> **WHAT NEEDS TO BE DONE**:
Scan the records below for the line with "Dteck - Crossbody" and the line with "Ditsy flowers vector", and retype that range exactly, both ends included, pictures excepted.

*** SUPPLIED MATERIAL ***

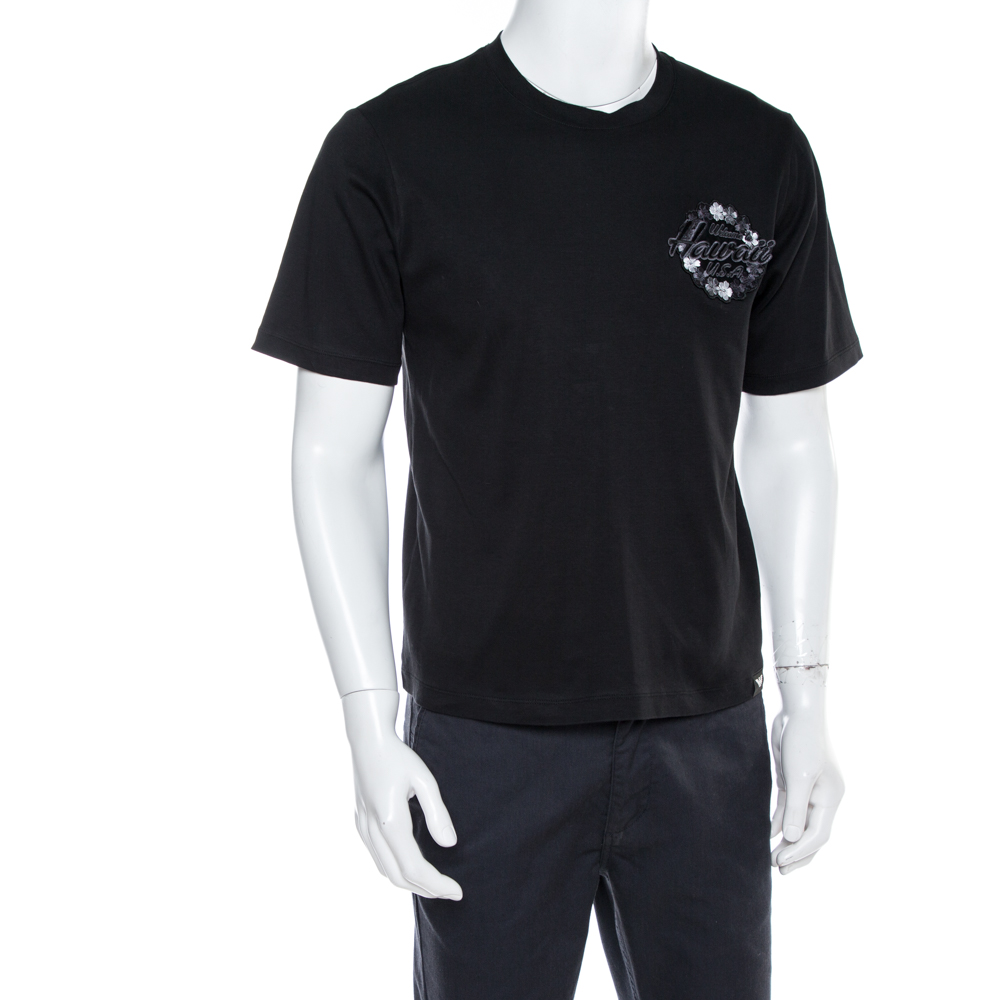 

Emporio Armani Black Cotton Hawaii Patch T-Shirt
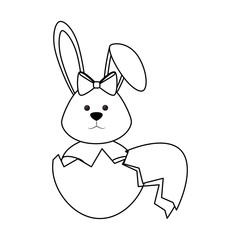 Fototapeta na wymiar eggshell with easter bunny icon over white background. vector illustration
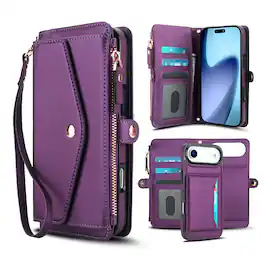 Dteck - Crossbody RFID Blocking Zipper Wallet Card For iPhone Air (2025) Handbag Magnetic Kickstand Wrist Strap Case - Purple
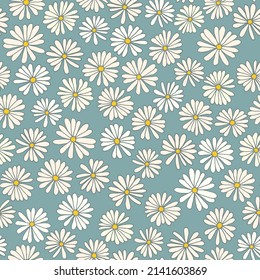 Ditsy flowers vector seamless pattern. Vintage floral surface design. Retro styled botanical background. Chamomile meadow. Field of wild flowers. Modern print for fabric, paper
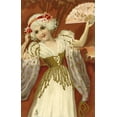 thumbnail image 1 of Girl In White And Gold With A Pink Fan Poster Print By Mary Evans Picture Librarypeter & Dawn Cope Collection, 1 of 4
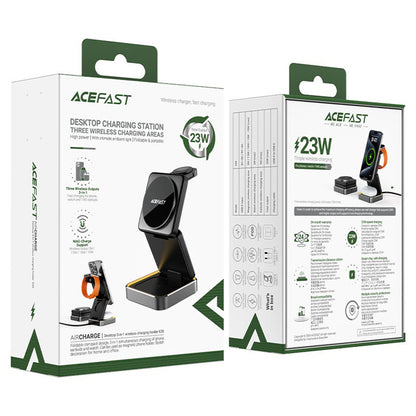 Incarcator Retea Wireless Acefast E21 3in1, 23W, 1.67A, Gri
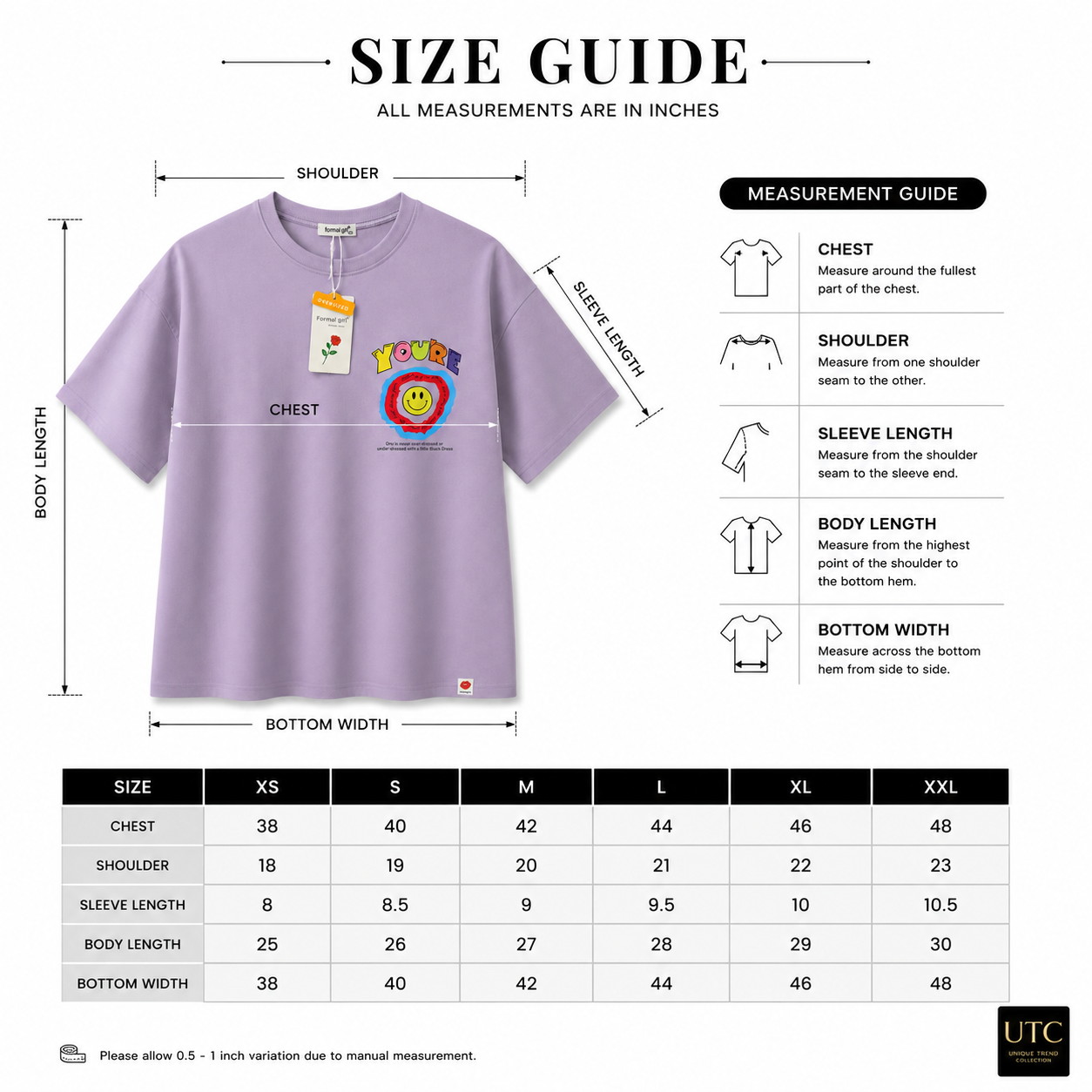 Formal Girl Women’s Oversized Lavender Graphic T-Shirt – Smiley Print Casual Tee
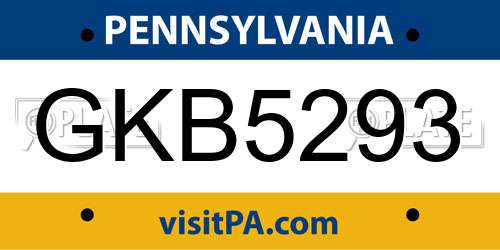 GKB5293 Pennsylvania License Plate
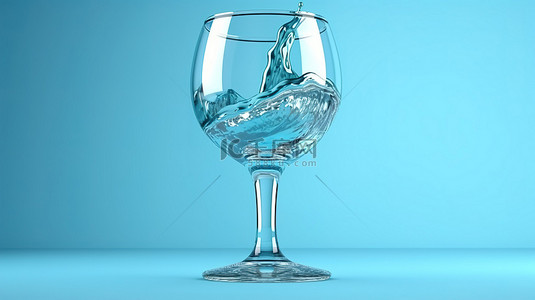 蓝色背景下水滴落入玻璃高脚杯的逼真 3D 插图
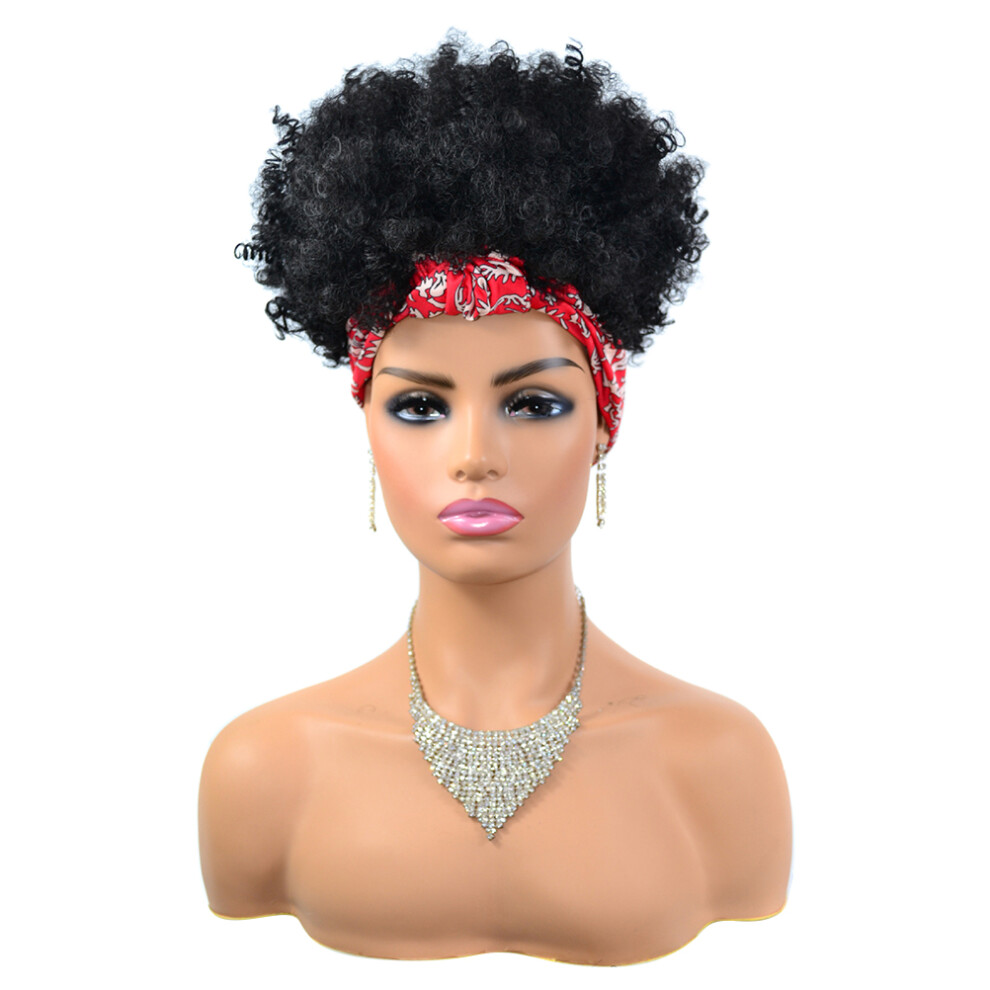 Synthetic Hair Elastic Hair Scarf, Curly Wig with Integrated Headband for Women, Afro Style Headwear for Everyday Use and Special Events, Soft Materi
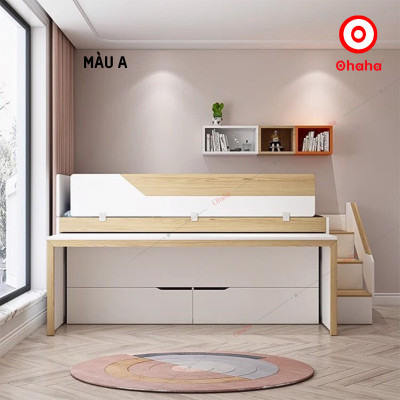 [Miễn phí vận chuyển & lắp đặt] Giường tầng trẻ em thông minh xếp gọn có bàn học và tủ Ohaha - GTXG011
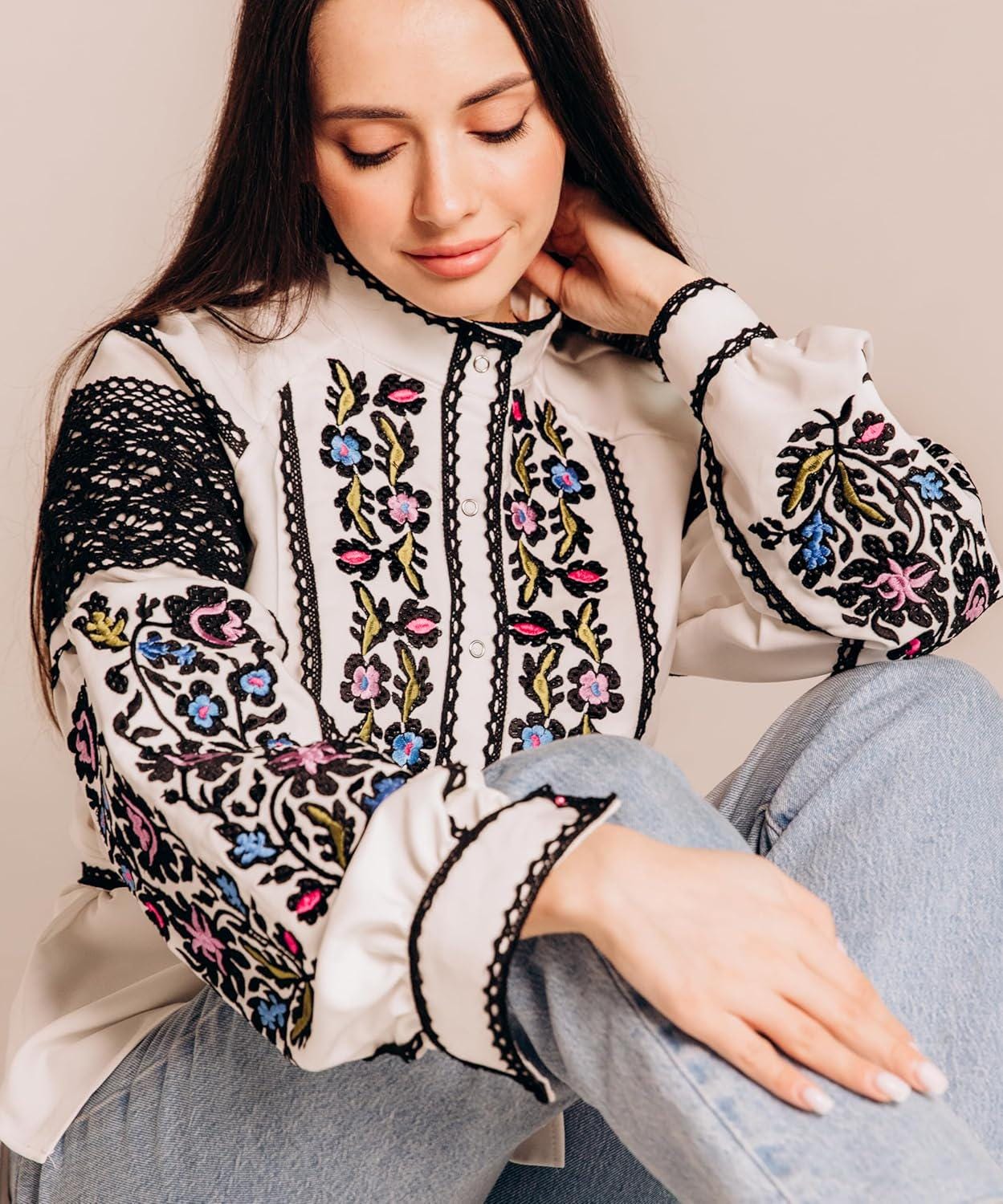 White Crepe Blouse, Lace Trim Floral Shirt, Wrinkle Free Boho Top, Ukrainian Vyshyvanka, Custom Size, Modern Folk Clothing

*** End of SUPPLIED MATERIAL ***

> **RESULT FOR THIS EXERCISE**:
 Dteck - Crossbody RFID Blocking Zipper Wallet Card For iPhone Air (2025) Handbag Magnetic Kickstand Wrist Strap Case - Purple
 Ditsy flowers vector seamless pattern. Vintage floral surface design. Retro styled botanical background. Chamomile meadow. Field of wild flowers. Modern print for fabric, paper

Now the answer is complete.